▶ What you are asked to do
Your answer must be an exact repetition of every record.

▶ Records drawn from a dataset
-- Opening Marker --

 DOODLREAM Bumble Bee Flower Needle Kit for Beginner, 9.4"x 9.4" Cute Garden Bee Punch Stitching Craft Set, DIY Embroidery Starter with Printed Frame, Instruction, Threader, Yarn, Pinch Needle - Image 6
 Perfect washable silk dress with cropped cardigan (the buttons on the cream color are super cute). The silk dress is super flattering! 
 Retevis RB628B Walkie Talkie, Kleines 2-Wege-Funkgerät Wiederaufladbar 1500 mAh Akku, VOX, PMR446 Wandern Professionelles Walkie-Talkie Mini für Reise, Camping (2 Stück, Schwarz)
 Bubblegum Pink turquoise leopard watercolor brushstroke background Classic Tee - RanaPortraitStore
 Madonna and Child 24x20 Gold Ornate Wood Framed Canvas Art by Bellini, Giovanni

-- Closing Marker --

▶ Completed exercise
 DOODLREAM Bumble Bee Flower Needle Kit for Beginner, 9.4"x 9.4" Cute Garden Bee Punch Stitching Craft Set, DIY Embroidery Starter with Printed Frame, Instruction, Threader, Yarn, Pinch Needle - Image 6
 Perfect washable silk dress with cropped cardigan (the buttons on the cream color are super cute). The silk dress is super flattering! 
 Retevis RB628B Walkie Talkie, Kleines 2-Wege-Funkgerät Wiederaufladbar 1500 mAh Akku, VOX, PMR446 Wandern Professionelles Walkie-Talkie Mini für Reise, Camping (2 Stück, Schwarz)
 Bubblegum Pink turquoise leopard watercolor brushstroke background Classic Tee - RanaPortraitStore
 Madonna and Child 24x20 Gold Ornate Wood Framed Canvas Art by Bellini, Giovanni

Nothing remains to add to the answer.